Cinnamon-Swirl Frosting

  • 1 cup 16 tablespoons; 226g unsalted butter, softened to room temperature
  • 3 –4 cups 360–480g confectioners’ sugar
  • 1/4 cup 60ml heavy cream, at room temperature
  • 2 teaspoons pure vanilla extract
  • Salt to taste
  • 1 tablespoon ground cinnamon
  • Optional for garnish: 12 cinnamon sticks or 12 mini snickerdoodles*

Instructions
 

  • Make the cupcakes: Preheat the oven to 350°F (177°C). Line a 12-cup muffin pan with cupcake liners.
  • In a large bowl, whisk together the flour, baking powder, baking soda, and salt. Set aside. In a medium bowl, whisk together the melted butter and 1 cup (200g) of sugar. The mixture will be gritty. Then, whisk in the egg, sour cream, milk, and vanilla extract until everything is combined.

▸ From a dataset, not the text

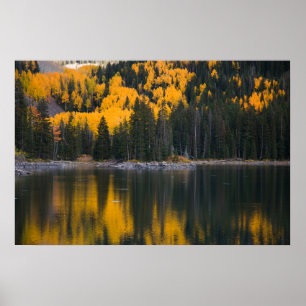 Reflektion Poster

  • Pour the wet ingredients into the dry ingredients and whisk until the batter is fully combined. The batter should be creamy and mostly smooth; a few small lumps are fine.

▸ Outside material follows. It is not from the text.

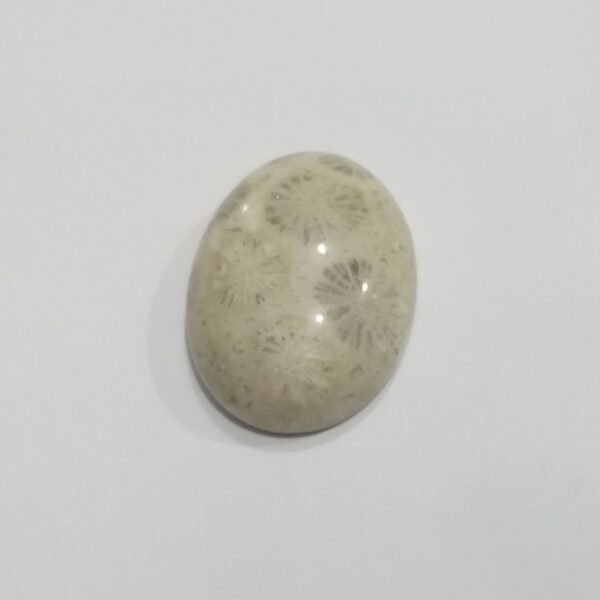 Coral Fossil 44.10ct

  • In a small bowl, mix the remaining 1/3 cup of sugar and 2 teaspoons of cinnamon. Set aside.
  • Assemble the cupcakes: Spoon 2 scant tablespoons of cupcake batter into each cupcake liner. Then, sprinkle 1 teaspoon of the cinnamon-sugar mixture on top. Add 1 heaping tablespoon of cupcake batter, filling the liners about 3/4 full. It’s okay if some of the cinnamon-sugar from the center layer peeks through the top layer of batter. Top each cupcake with 1/4 teaspoon of cinnamon-sugar. Swirl gently with a toothpick.
  • Bake for 20–22 minutes, or until a toothpick inserted into the center comes out clean. Remove the cupcakes from the oven and let them cool in the pan for 10 minutes. Then, transfer them to a wire rack to cool completely. Shake off any excess cinnamon-sugar that hasn’t stuck to the tops, as this will prevent the frosting from adhering to the cupcakes.

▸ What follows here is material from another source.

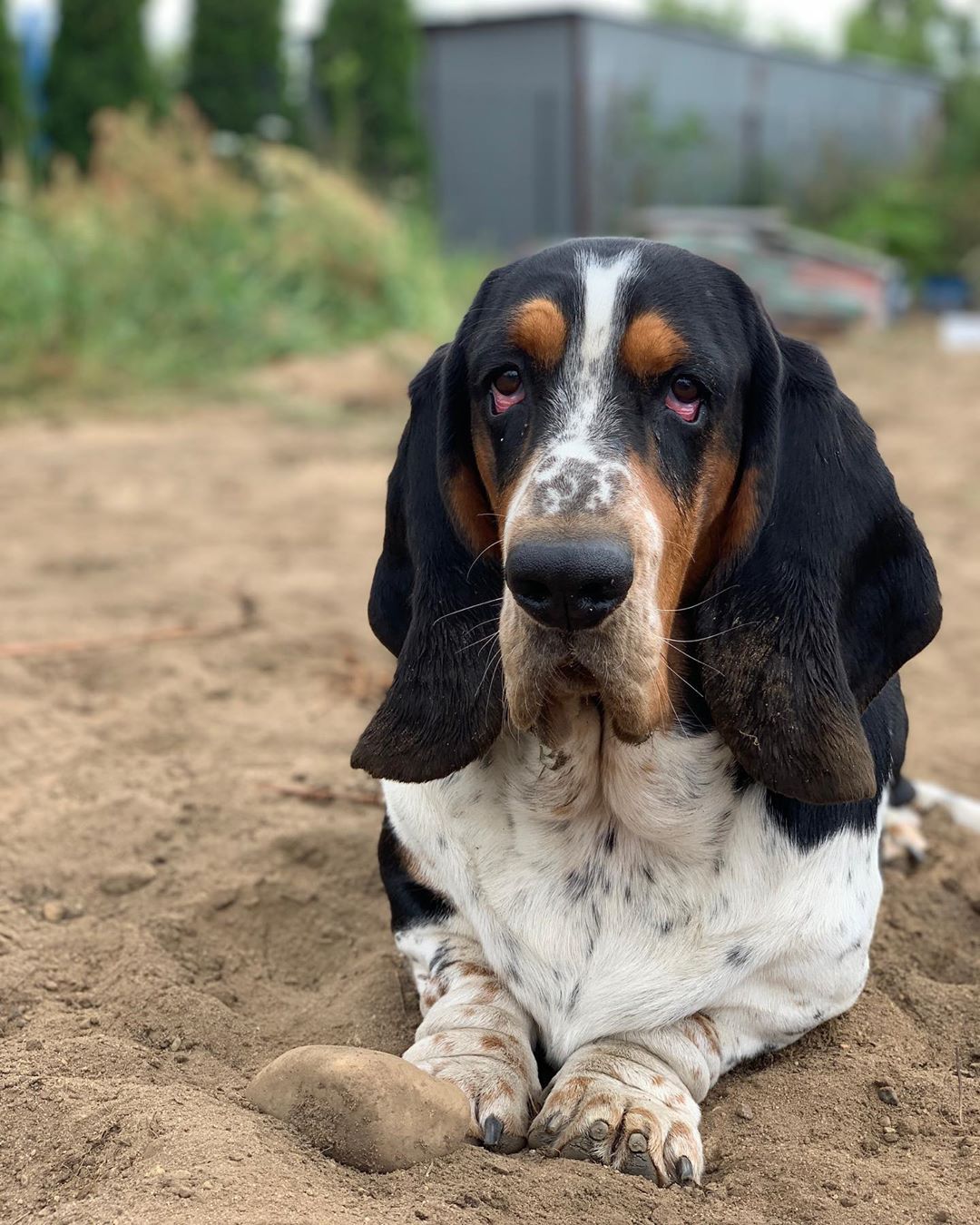 A Basset Hound lying in the sand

  • Make the frosting: Using a handheld or stand mixer with a paddle or whisk attachment, beat the butter on high speed until smooth and creamy, about 1 minute. Add the confectioners’ sugar, heavy cream, and vanilla extract. Beat on low speed for 30 seconds, then switch to high speed and beat for 3 minutes. If the frosting seems too thin or greasy, add more confectioners’ sugar. If it’s too stiff, add more cream. Taste, and add salt if the frosting is too sweet (about 1/8 teaspoon is recommended).
  • Remove half of the frosting from the mixing bowl and transfer it to another bowl, or directly into your piping bag. Beat 1 tablespoon of cinnamon into the remaining frosting in the mixing bowl.
  • Assemble and decorate the cupcakes: Spoon half of the cinnamon frosting into a piping bag and the other half of the vanilla frosting into another piping bag. (See above for a visual guide.) Pipe the frosting onto the cupcakes. I used a Wilton 1M piping tip.
  • If desired, garnish the cupcakes with cinnamon sticks or mini snickerdoodle cookies.
  • Cover and store leftover cupcakes at room temperature for up to 1 day, or in the refrigerator for up to 5 days. A cupcake carrier is recommended for storing and transporting decorated cupcakes.